TikTok, the widely-used short-video platform owned by ByteDance, is facing a hefty €345 million ($370 million) fine due to its breach of European Union (EU) privacy laws concerning the handling of children’s personal data. The EU’s lead regulatory authority for major tech companies, Ireland’s Data Protection Commissioner (DPC), announced this penalty. The privacy violations took place from July 31, 2020, to December 31, 2020.
This marks the first instance of TikTok receiving such a stern reprimand from the DPC, which holds this influential role in the EU because many top tech companies have their regional headquarters in Ireland.
Among the infractions cited by the DPC was TikTok’s default setting in 2020, which made accounts of users under 16 “public” by default. Furthermore, TikTok did not adequately verify whether a user was genuinely the parent or guardian of a child user when using the “family pairing” feature.

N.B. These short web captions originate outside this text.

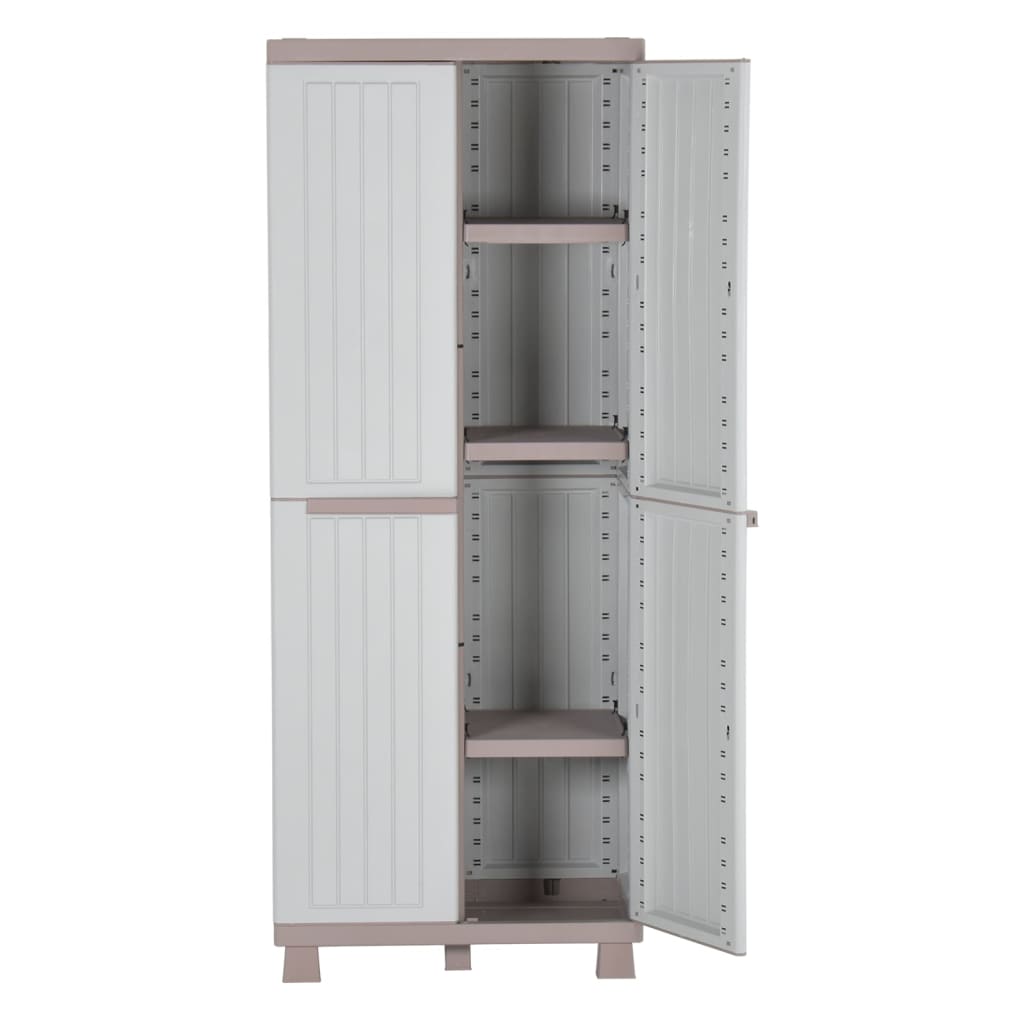 Ντουλάπι Αποθήκευσης με 2 Πόρτες 68x39x170 εκ. Αν. Γκρι / Μπεζ
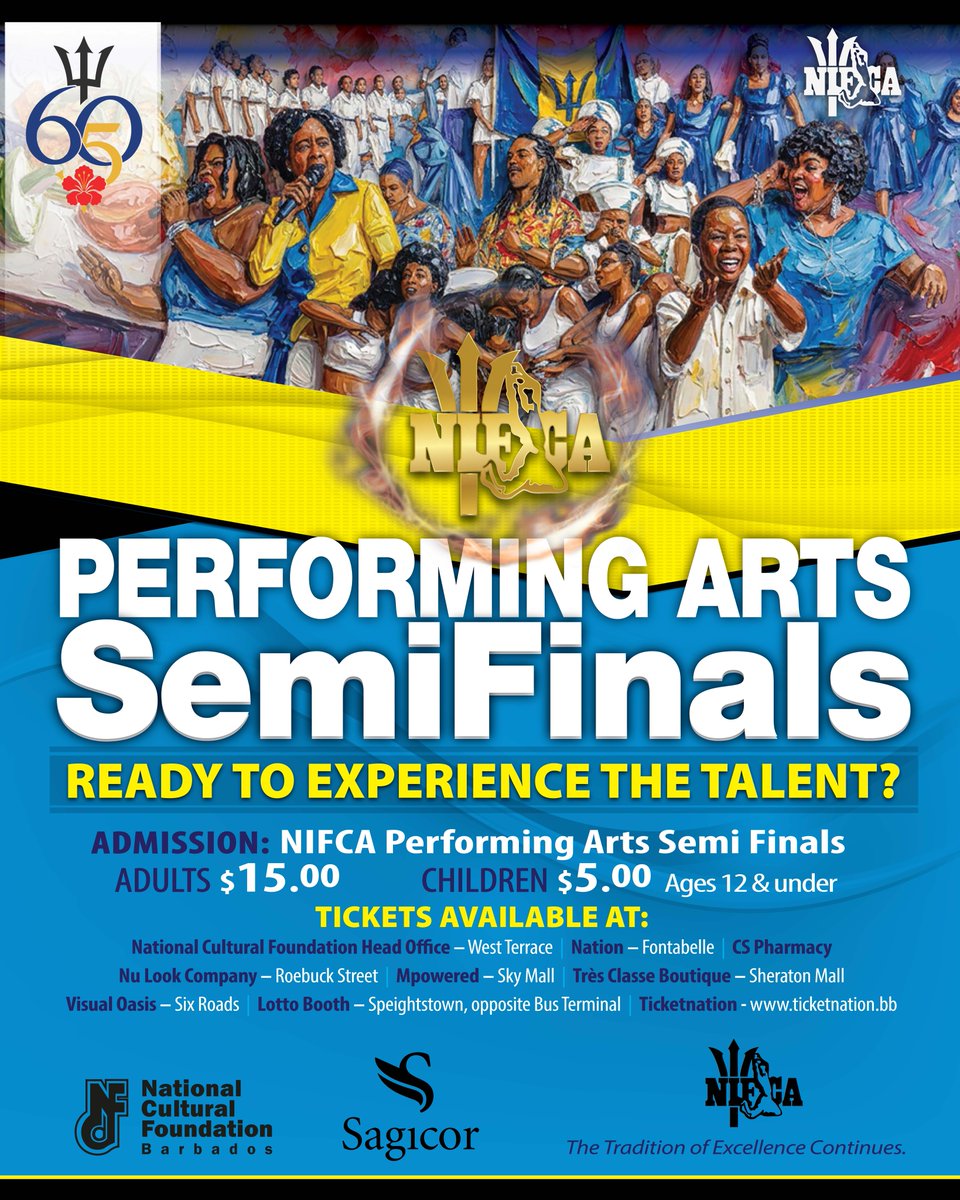 NCFBarbados's tweet photo. Join us for another NIFCA weekend!

Music takes the spotlight on Friday; Saturday features a mix of Music, Dance, and Theatre; and Sunday features Dance and Theatre.

⚠️ Due to the competitive nature of the event, children under 3 will not be admitted. https://t.co/HWRL4ogDsi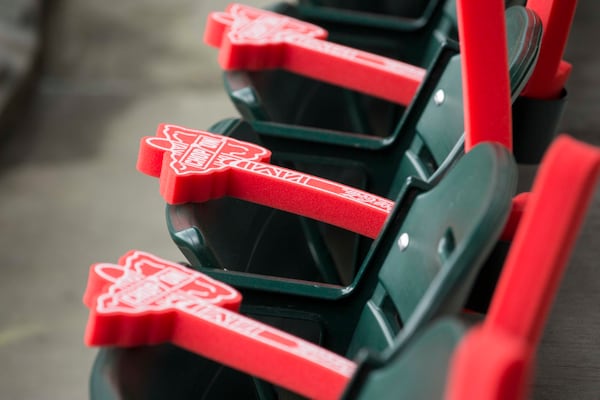 Foam Tomahawks rest on seats  before the Braves take on the Philadelphia Phillies in the 2018 season opener. ALYSSA POINTER/ALYSSA.POINTER@AJC.COM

TikTok did take steps to address some of these concerns. For example, in January 2021, the platform changed the default setting for all users under 16 to “private.” Additionally, in March 2023, the company announced that it’ll soon set a 60-minute daily screen time limit for underage users.
In response to the fine, TikTok expressed its disagreement with the decision, particularly regarding the size of the penalty. The company argued that most of the criticisms had already been addressed with measures implemented before the DPC initiated its investigation in September 2021.
TikTok now has a three-month window to bring all of its data processing practices into compliance wherever violations were identified.
This is not the first for TikTok to face fines due to children data breaches. In April, the Information Commissioner’s Office of the UK announced that it has issued a fine of £12.7 million ($15.8M) to TikTok due to several violations of the country’s data protection law, such as misusing children’s data.